Las características del puerto de Santa Cruz
de Tenerife una vez ampliado, línea de atraque,
calado y capacidad, le permitirán presentar una
oferta atractiva a aquellas navieras que se dedican
al tráfico del contenedor. La marcha de SAECS
no se debió a línea de atraque y calado
sino a compromisos adquiridos que no se cumplieron.
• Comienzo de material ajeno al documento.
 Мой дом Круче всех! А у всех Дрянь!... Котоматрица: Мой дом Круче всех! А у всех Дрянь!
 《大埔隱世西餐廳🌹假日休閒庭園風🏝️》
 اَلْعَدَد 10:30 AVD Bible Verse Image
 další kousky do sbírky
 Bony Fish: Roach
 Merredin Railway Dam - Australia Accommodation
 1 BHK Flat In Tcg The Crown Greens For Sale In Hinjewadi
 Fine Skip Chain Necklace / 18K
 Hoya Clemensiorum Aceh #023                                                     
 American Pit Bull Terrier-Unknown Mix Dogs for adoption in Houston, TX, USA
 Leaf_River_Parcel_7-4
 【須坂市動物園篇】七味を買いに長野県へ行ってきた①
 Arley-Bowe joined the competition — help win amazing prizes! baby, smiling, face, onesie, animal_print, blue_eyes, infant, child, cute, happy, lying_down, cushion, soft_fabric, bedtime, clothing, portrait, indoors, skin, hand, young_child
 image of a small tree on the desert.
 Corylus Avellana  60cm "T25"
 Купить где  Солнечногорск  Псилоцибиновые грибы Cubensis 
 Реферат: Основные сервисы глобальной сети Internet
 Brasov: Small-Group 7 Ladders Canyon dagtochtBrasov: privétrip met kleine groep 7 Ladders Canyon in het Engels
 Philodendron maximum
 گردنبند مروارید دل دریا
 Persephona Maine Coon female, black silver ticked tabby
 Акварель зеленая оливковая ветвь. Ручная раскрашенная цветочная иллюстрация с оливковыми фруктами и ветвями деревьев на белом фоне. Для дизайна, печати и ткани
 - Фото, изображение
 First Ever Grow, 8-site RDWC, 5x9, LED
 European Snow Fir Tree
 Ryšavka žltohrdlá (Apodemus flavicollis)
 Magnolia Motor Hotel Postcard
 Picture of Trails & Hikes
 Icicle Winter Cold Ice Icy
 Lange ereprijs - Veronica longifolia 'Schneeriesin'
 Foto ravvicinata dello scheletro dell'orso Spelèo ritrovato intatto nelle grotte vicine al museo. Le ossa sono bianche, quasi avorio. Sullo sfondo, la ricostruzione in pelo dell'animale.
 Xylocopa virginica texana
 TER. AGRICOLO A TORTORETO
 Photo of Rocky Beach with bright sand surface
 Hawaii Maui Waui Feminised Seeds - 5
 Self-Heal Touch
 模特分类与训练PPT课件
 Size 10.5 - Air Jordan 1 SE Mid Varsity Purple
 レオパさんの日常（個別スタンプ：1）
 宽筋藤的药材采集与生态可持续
Los nervios a la proximidad
de la decisión de la UE ha puesto al descubierto
las intenciones de la Autoridad Portuaria y Ayuntamiento
de Santa Cruz con respecto al destino de las superficies
de los muelles de este puerto de interés general:
incorporar a la ciudad la superficie de los muelles
de Santa Cruz como nuevas zonas
de expansión urbana. Abogan por actividades
económicas vinculadas al ocio y el turismo, marinas
deportivas y usos marítimos recreativos. Un Concejal,
portavoz del grupo ATI-CC, y el propio Alcalde propugnan
por dar ese destino al puerto de Santa Cruz encubriéndolo
con el paraguas del “gran” negocio de los
cruceros. En el PIOT y Plan General de Ordenación,
tímidamente, se insinuaba “acabar”
con este puerto nuestro. Se cubrió de cemento
el sur de la Isla y ahora se va a por los muelles de
Santa Cruz. No olvidemos que ya la Autoridad Portuaria
de Las Palmas supera en cruceros a la de Tenerife.
La operación calculada
de incorporar al negocio de la construcción y
de los servicios (marinas, bares de copas, restaurantes
y pubs),los muelles de Santa Cruz no es ajena a otras
que poco a poco se están montando con respecto
a la superficie que ocupa CEPSA, la cementera CEMEX,
o la propia cervecera. Operaciones paralelas bien calculadas
que tratan de poner en manos de la construcción
espacios para su continuidad expansiva. Los pocos suelos
industriales de Santa Cruz se reclasifican en urbanizables.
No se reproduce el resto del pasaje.